GradImpact: Complicating a Binary Definition of Sex through Skeletal Studies

    Alexandra Kralick, a doctoral student in anthropology at the University of Pennsylvania, studies the growth and development of sex differences in great apes and humans. Kralick recently spent time examining orangutan bones in the Smithsonian National Museum of Natural History’s mammal collection to understand how orangutan growth and development differ from humans.
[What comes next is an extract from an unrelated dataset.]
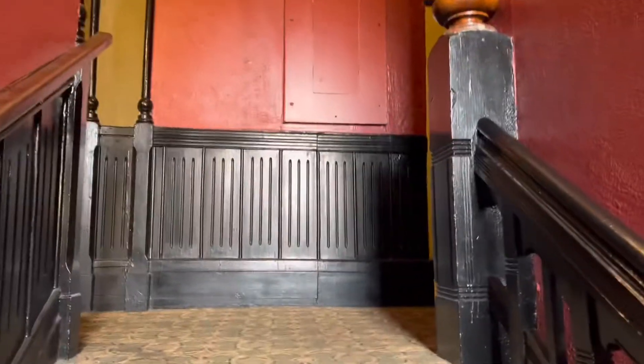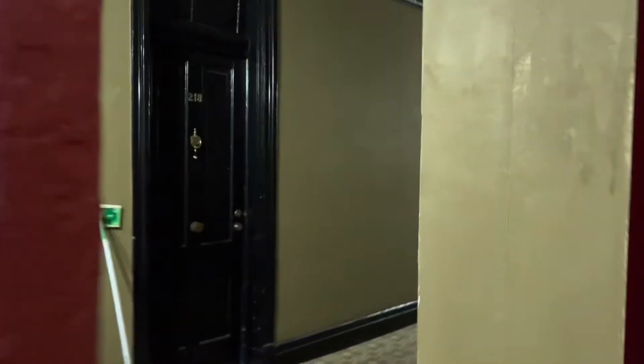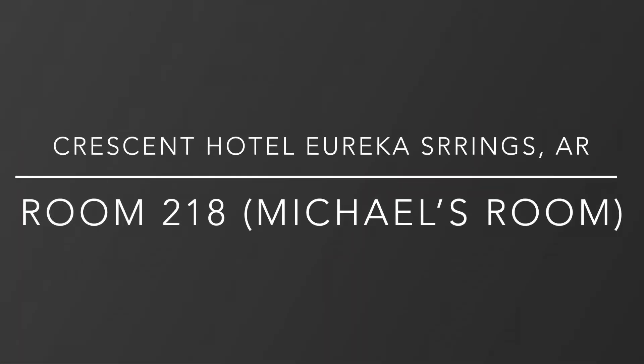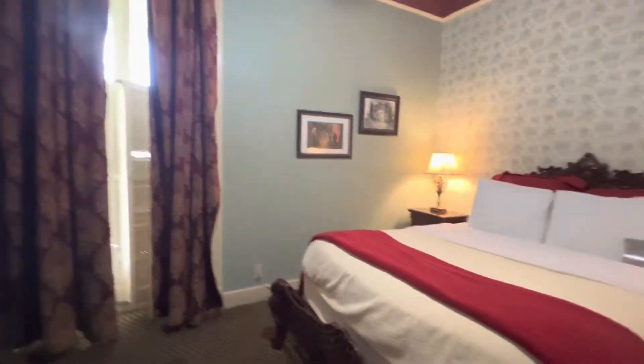Okay, going up the stairs. We're going to do this live. A haunted broom. Oh, they couldn't leave my light on. It smells so good in here. So just a basic walkthrough of a big hotel room.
    Kralick wrote an article published in The Atlantic last November, which has been featured in other online publications, including Pacific Standard and Slate. In her article, Is Gender Written Into Your Skeleton? Kralick argues that based on her research, our bodies are too complicated to fit a legal, binary definition of sex. “Skeletal studies, the field that I work in as a doctoral student in anthropology, and the history of this field show how assumptions about sex can lead to profound mistakes, and how acknowledging that things are not really as binary as they may seem can help resolve those errors.” She summarizes the recent history of the binary and outlines instances that have proven it does not exist.


    Kralick is currently a National Science Foundation Graduate Research Fellow. She received her bachelor’s degree in biological anthropology from George Washington University, where she investigated the dental development in Virunga mountain gorillas in Rwanda. To learn more about Alexandra’s work visit the University of Pennsylvania website.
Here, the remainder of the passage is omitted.